When you're a Harry Potter fan, one of the most important things is which Hogwarts House you are part of. You have merchandise that bears your house colors, you get into arguments with fellow fans about which house is better, and you are fiercely loyal to the house that you are proud to call yours.
Unfortunately, it's not all fun and games. Not everyone feels like they fit into their house. With the Pottermore test, people who thought they belonged in one house were suddenly thrown into another. Of course, you could deny the result you get, but the questions, choices, and corresponding house results were written by J.K. Rowling herself. You don't want to go against that. My sister went from being a loyal Slytherin to being a Hufflepuff; a complete 180. Luckily, my sister merged nicely into her new house, and now proudly wears her Hufflepuff hoodie out whenever she can. But some people don't get so lucky.
Evanna Lynch, otherwise known as Luna "Loony" Lovegood, claimed Ravenclaw until the test placed her in Gryffindor; Ron Weasley himself was placed into Hufflepuff. It's very difficult to uproot yourself from one house to the other when you are so sure that you project the traits of the house you are loyal to. Another issue that arises is when you take the test multiple times, just to check, and get two different results. What then? What happens when you face a House Identity Crisis?

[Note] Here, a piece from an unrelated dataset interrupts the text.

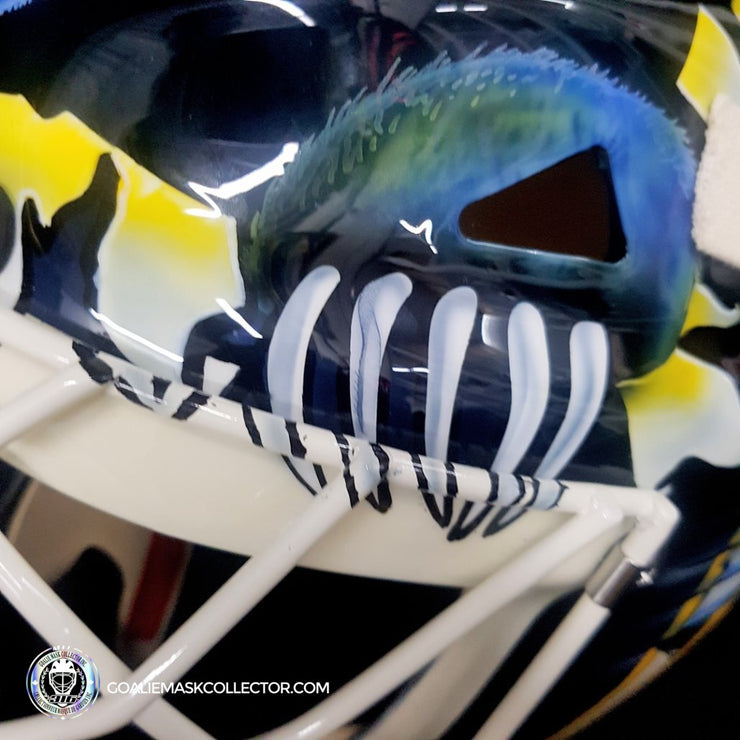 Jon Casey Unsigned Goalie Mask Boston "Blue Bear Edition" Tribute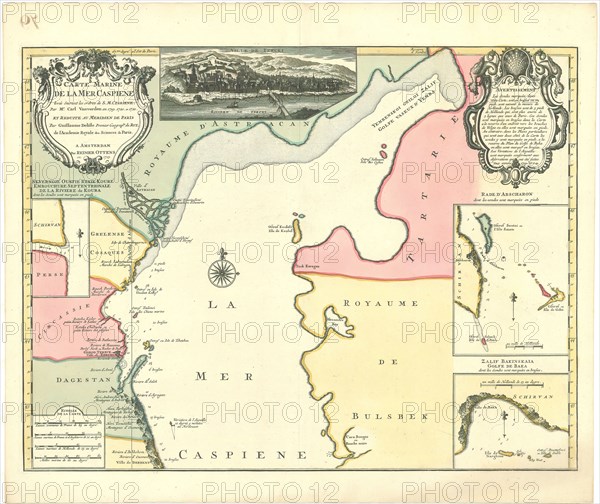 Map, Carte marine de la Mer Caspiene levée suivant les ordres de S.M. czariene, par Mr. Carl Vanverden en 1719, 1720, et 1721, et reduite au meridien de Paris par Guillaume Delisle premier geographe du Roy ..., Guillaume Delisle (1675-1726), Carl Vanverden, Copperplate print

Obviously, don't panic. Remember that your house doesn't always define who you are. Peter Pettigrew was a spineless coward; Cedric Diggory and Nymphadora Tonks were the bravest Hufflepuffs the series ever introduces; Regulus Black willingly went against the Dark Lord, to stop him from creating more Horcruxes and extending his reign; and we can't forget Gildoroy Lockheart, who's Ravenclaw tendencies were only useful in making him famous. These characters were sorted into houses that boasted one trait while they showed another. Not all Gryffindors are brave, not all Hufflepuffs are stupid, not all Slytherins are evil, and not all Ravenclaws are smart. It's important to remember this if you don't feel smart enough as a Ravenclaw, or brave enough as a Gryffindor.

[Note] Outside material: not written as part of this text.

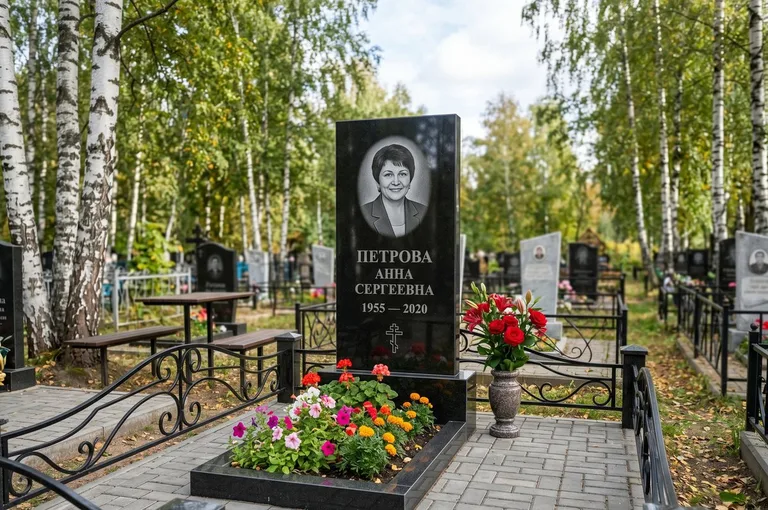 Установка гранитного памятника на могилу в Перми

So what happens when you get placed into two different houses? In the Harry Potter universe, a character who sits under the Sorting Hat for longer than five minutes is called a hat stall. This is when the Sorting Hat has a tougher time deliberating which house it wants to place you in, and according to Pottermore's website, only happens once every fifty years or so. The closest to come to hat stalls were Hermione Granger and Neville Longbottom. The sorting hat spent nearly four minutes, according to Pottermore, deliberating whether or not to put Hermione in Ravenclaw or Slytherin. Neville, on the other hand, was determined to be placed in Hufflepuff, while the hat wanted him in Gryffindor. The only true hat stalls known to Harry were Peter Pettigrew and Professor McGonagall. Like Hermione, the latter had the sorting hat caught between Ravenclaw and Gryffindor. The former had the hat caught between Gryffindor and Slytherin (like I said, not all Gryffindors are brave). Sometimes, people cannot be pinned down to one specific trait. It's okay to have one foot in two different houses, it just means you're a well-rounded individual.

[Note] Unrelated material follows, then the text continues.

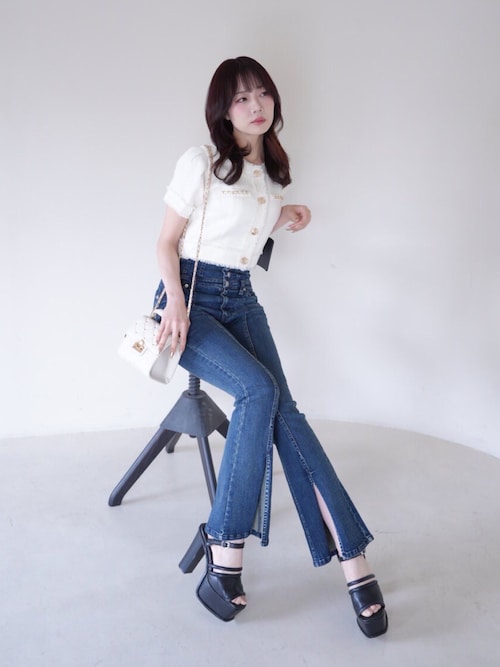 セール】センタースリットフレアデニムパンツ（デニムパンツ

Personally, I have always been a Gryffindor. My first take on the Pottermore test was Gryffindor. My second time, however, I got Ravenclaw. All of my friends believe I should be Ravenclaw, because intelligence is my biggest trait, and I hold it in a higher regard compared to anything else. Again, I point you in the direction of Hermione and professor McGonagall, who are both fiercely intelligent, fiercely brave women. I might not be brave according to Harry Potter standards: I don't throw myself willingly into danger, I'm introverted, I have anxiety. There are things I do, however, that do make me brave. Getting up and delivering a speech, or making an important phone call; when I do things that normally make me anxious, it makes me feel braver.
That's another thing: people come in all shapes and sizes, with any personality you can think of. Just because you don't fall under the direct, immediate definition of a house (bravery, intelligence, ambition, loyalty), it does not mean you are not a member of your house. Just because you are a Slytherin, it doesn't mean you are the worst person alive. Slytherins can be good. Slytherins are not evil, they are ambitious. They know what they want and they take it for themselves, no matter who or what gets in their way. Yes, most Slytherins in the series are evil, but I did point out that Regulus sacrificed himself for the good of the Wizarding World, to see Voldemort crumble. That doesn't seem like someone who is evil.
To be honest, you don't need to worry if you suffer from House Identity Crisis. What matters in the Harry Potter universe is that you are your best self. Whether that is as a Gryffindor, Hufflepuff, Ravenclaw, Slytherin, or any combination of the four, as long as you feel that loyalty, that is what matters. My sister might be a proud Hufflepuff, but personally, I am a proud Gryffinclaw. Nothing and no one is going to take that away from me.